### Exercise requirements
Retype the records below exactly as they stand, omitting the pictures.

Records drawn from a dataset
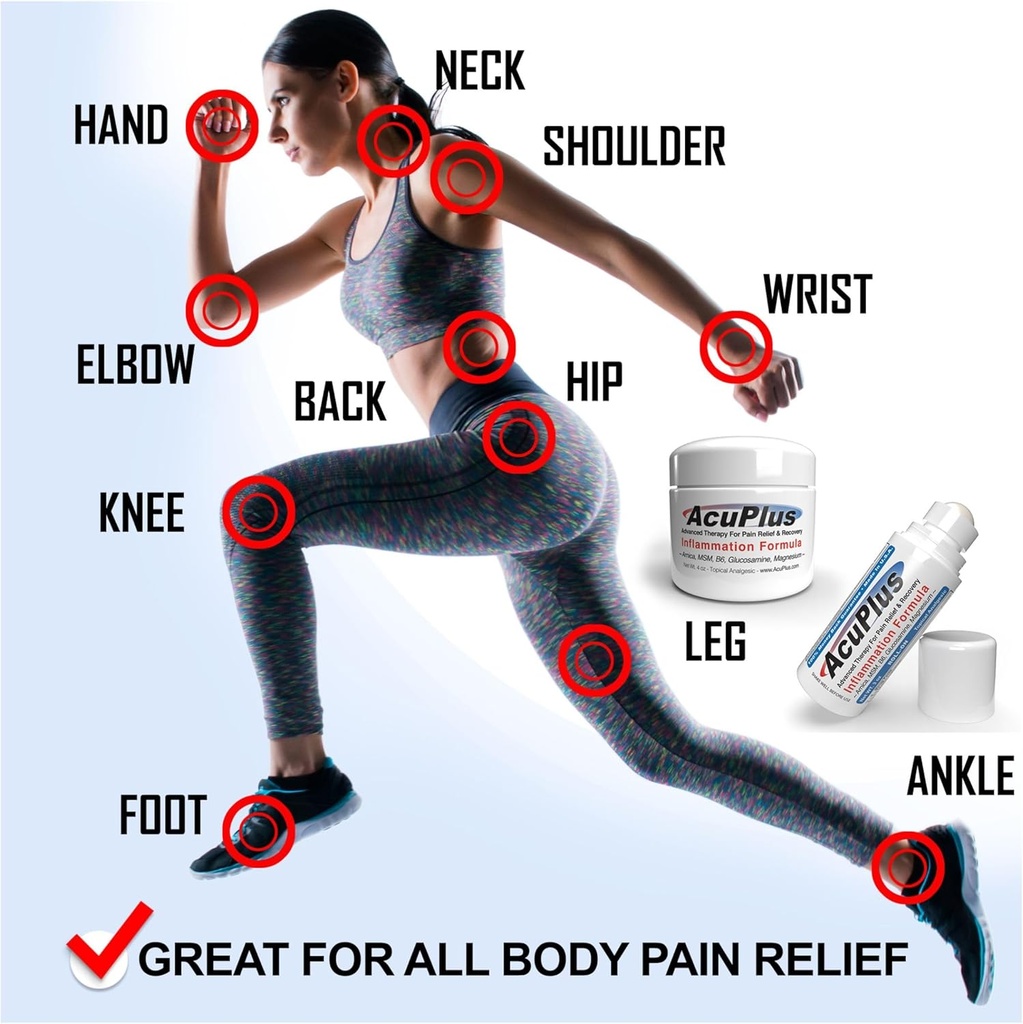 acuplus---topical-pain-relief-anti-infla-6.jpg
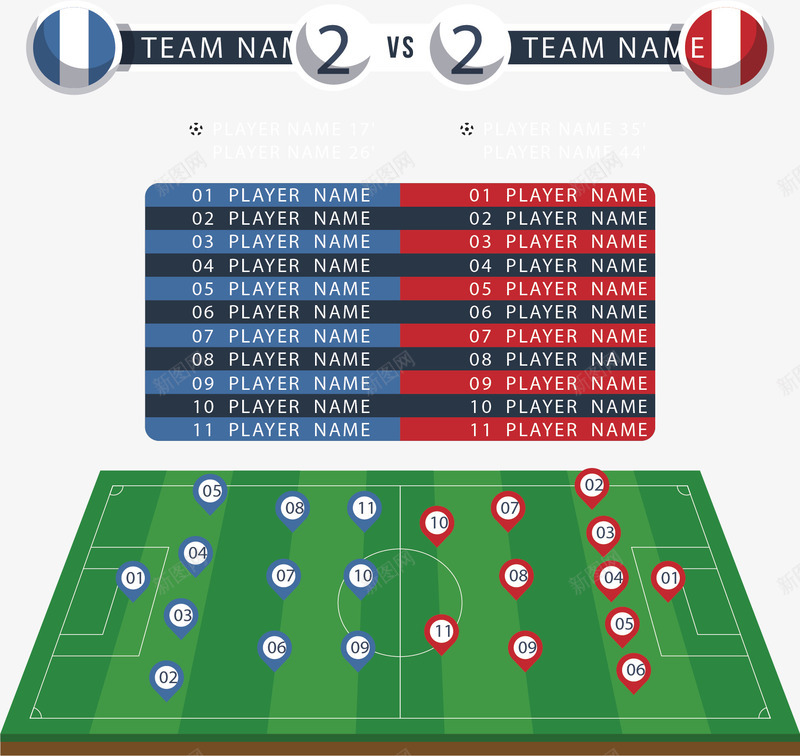 世界杯对手赛计分板矢量图ai免抠素材_新图网 https://ixintu.com 世界杯 世界杯比赛 矢量png 计分板 足球场 足球比赛 矢量图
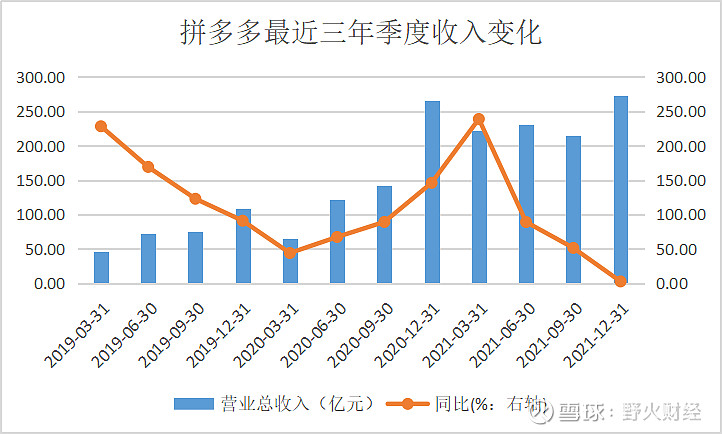 财报速递：捷安高科2025年半年度净利润86.45万元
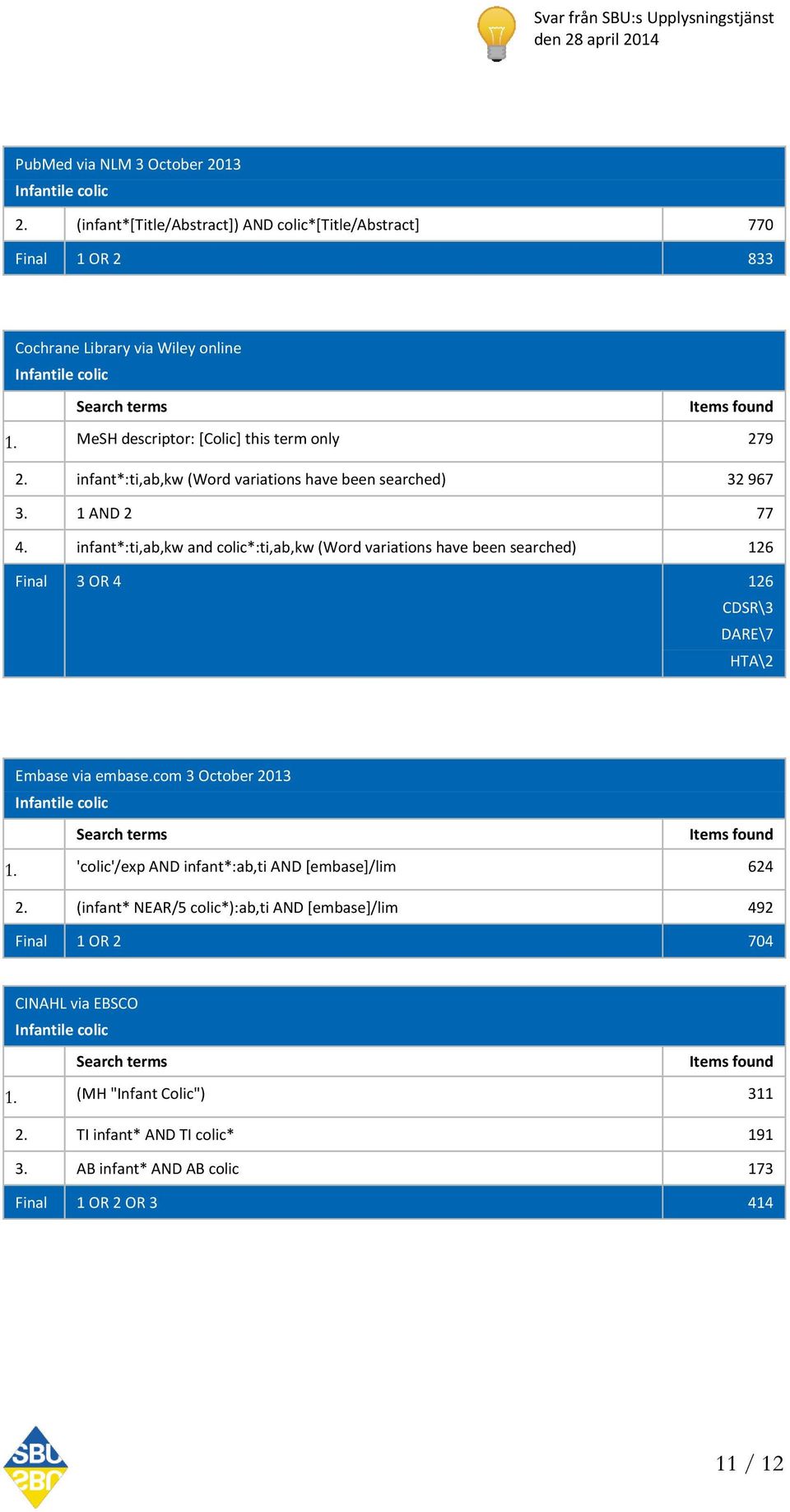 infant*:ti,ab,kw and colic*:ti,ab,kw (Word variations have been searched) 126 Final 3 OR 4 126 CDSR\3 DARE\7 HTA\2 Embase via embase.com 3 October 2013 Infantile colic Search terms Items found 1.
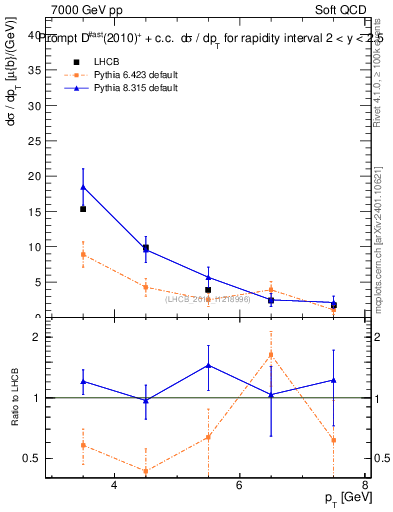 Plot of Dst.pt in 7000 GeV pp collisions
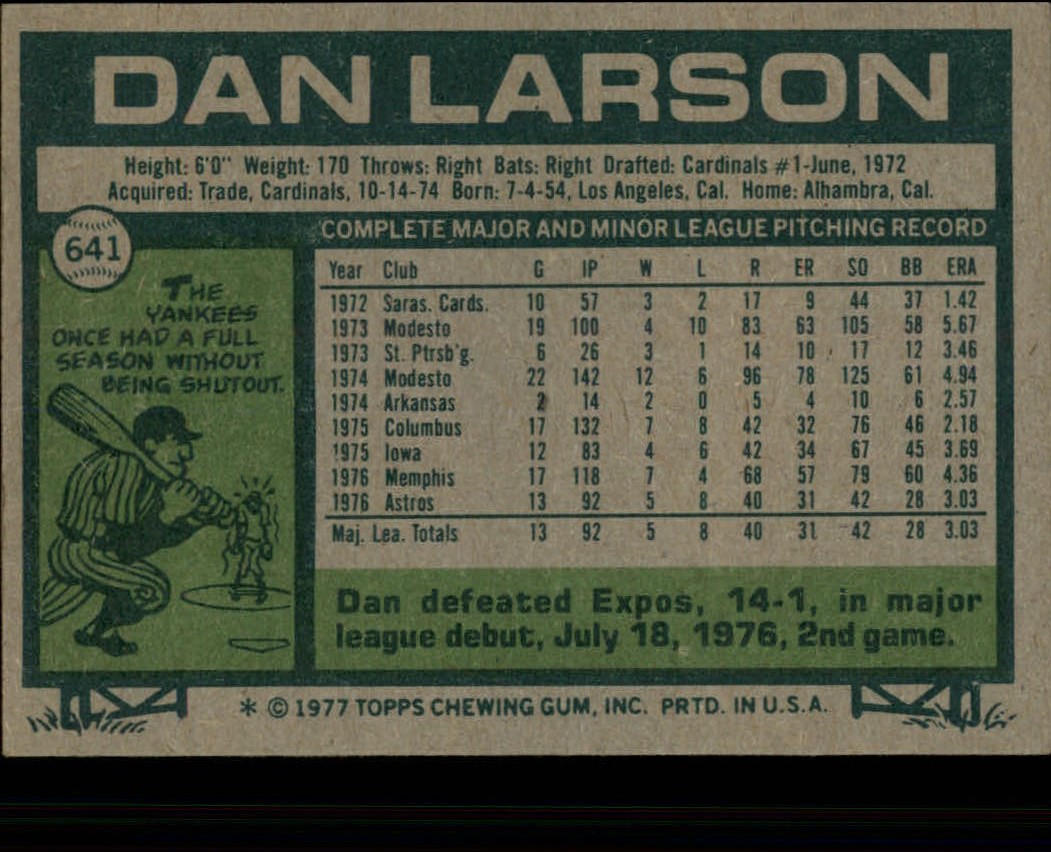 1977 Topps #641 Dan Larson RC back image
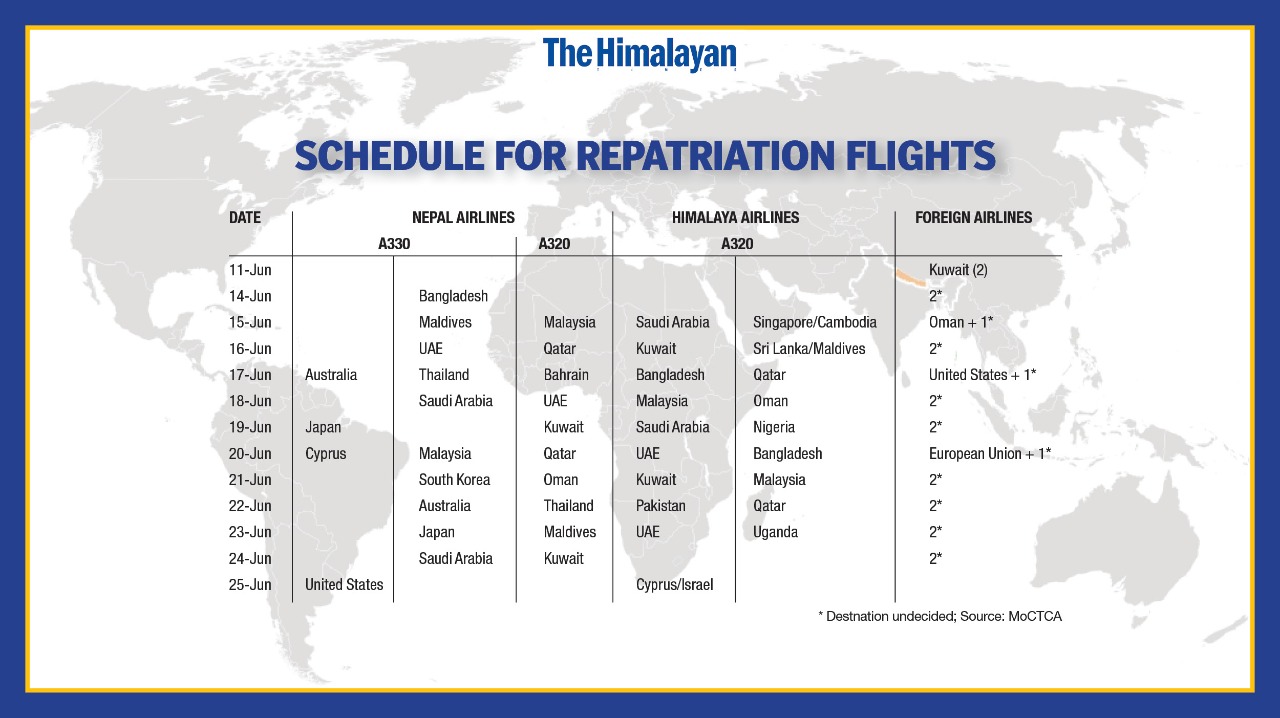 Himalaya airlines ticket price malaysia to kathmandu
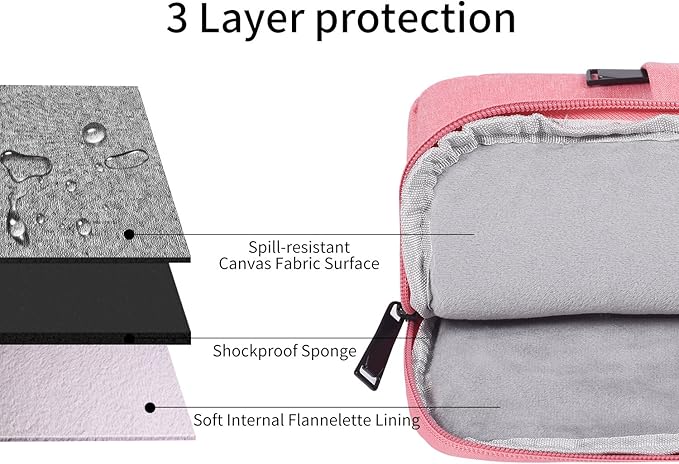 17.3 Inch Laptop Case Sleeve for Dell Inspiron 17/Dell G3 G7 17.3, HP Envy 17/Pavilion 17, Lenovo ideapad 17, Acer Predator 17, MSI GS75, 17.3 inch Computer Carrying Bag -Pink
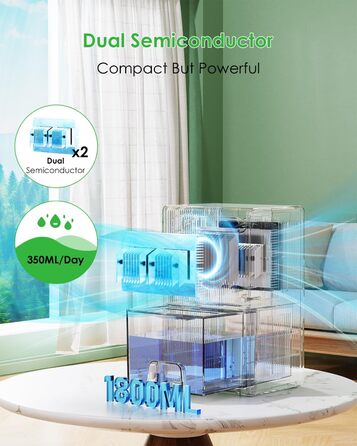 Електричний осушувач повітря 1.8L з антизаморожувальним захистом, 2 швидкості та 2 режими, таймер 48H, RGB підсвітка, для спальні, ванної кімнати та гуртожитку 1800 мл
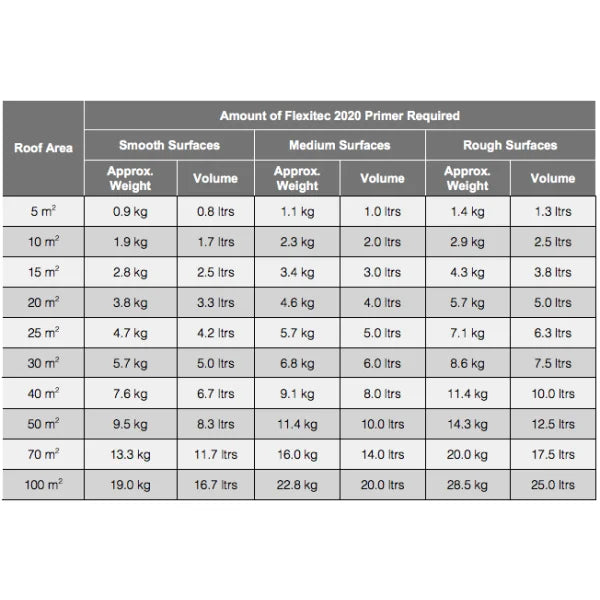 Flexitec 2020 Primer 5kg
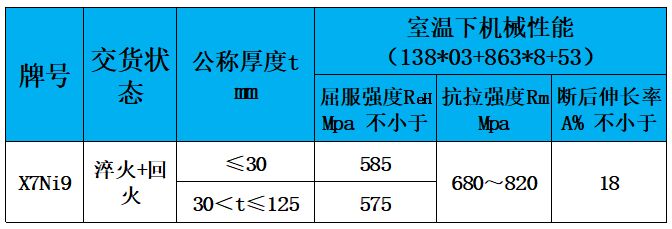 表3 力學(xué)性能.jpg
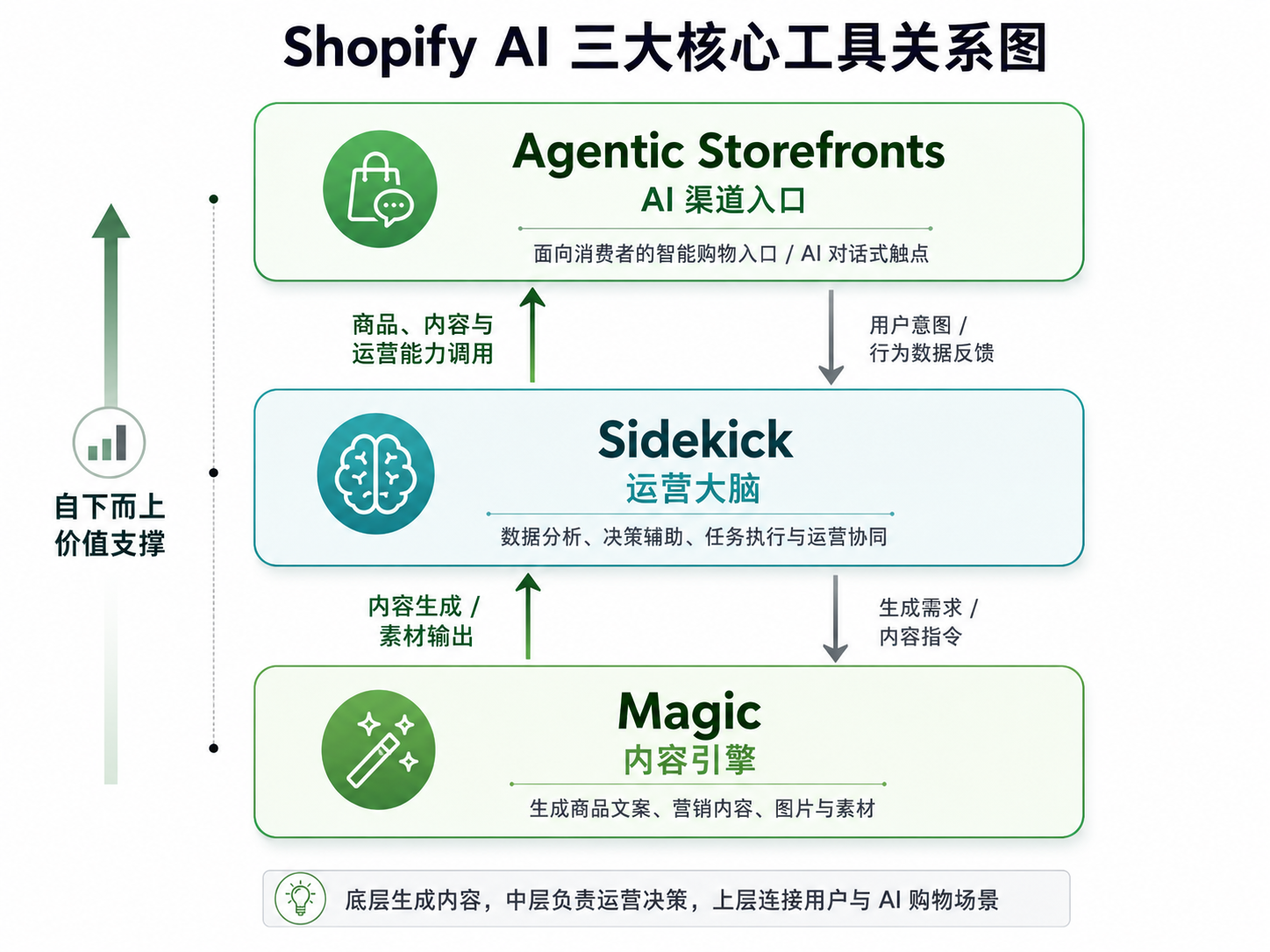 null Shopify AI 三大核心工具全解析:Magic、Sidekick、Agentic Storefronts 如何改变你的独立站运营?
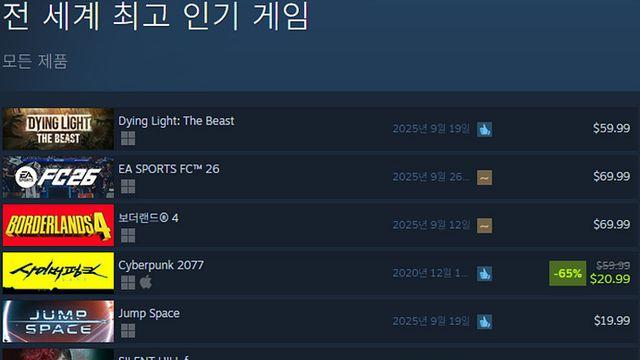 [오늘의 스팀] 완성도 높은 우주 협동 신작 '점프 스페이스'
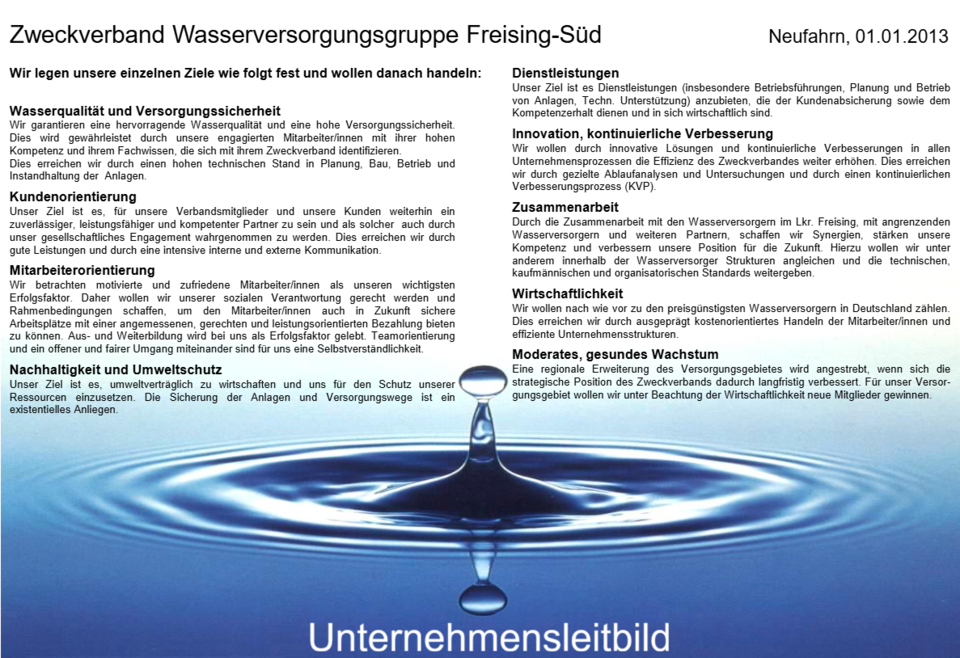 Unternehmensleitbild, Inhalte nachfolgend im Text erläutert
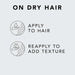 Sebastian Potion 9 Leave In Conditioner 1.7 oz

### Written response
 acuplus---topical-pain-relief-anti-infla-6.jpg
 世界杯对手赛计分板矢量图ai免抠素材_新图网 https://ixintu.com 世界杯 世界杯比赛 矢量png 计分板 足球场 足球比赛 矢量图
 财报速递：捷安高科2025年半年度净利润86.45万元
 infant*:ti,ab,kw and colic*:ti,ab,kw (Word variations have been searched) 126 Final 3 OR 4 126 CDSR\3 DARE\7 HTA\2 Embase via embase.com 3 October 2013 Infantile colic Search terms Items found 1.
 Plot of Dst.pt in 7000 GeV pp collisions
 1977 Topps #641 Dan Larson RC back image
 Himalaya airlines ticket price malaysia to kathmandu
 17.3 Inch Laptop Case Sleeve for Dell Inspiron 17/Dell G3 G7 17.3, HP Envy 17/Pavilion 17, Lenovo ideapad 17, Acer Predator 17, MSI GS75, 17.3 inch Computer Carrying Bag -Pink
 Електричний осушувач повітря 1.8L з антизаморожувальним захистом, 2 швидкості та 2 режими, таймер 48H, RGB підсвітка, для спальні, ванної кімнати та гуртожитку 1800 мл
 Flexitec 2020 Primer 5kg
 表3 力學(xué)性能.jpg
 null Shopify AI 三大核心工具全解析:Magic、Sidekick、Agentic Storefronts 如何改变你的独立站运营?
 [오늘의 스팀] 완성도 높은 우주 협동 신작 '점프 스페이스'
 Unternehmensleitbild, Inhalte nachfolgend im Text erläutert
 Sebastian Potion 9 Leave In Conditioner 1.7 oz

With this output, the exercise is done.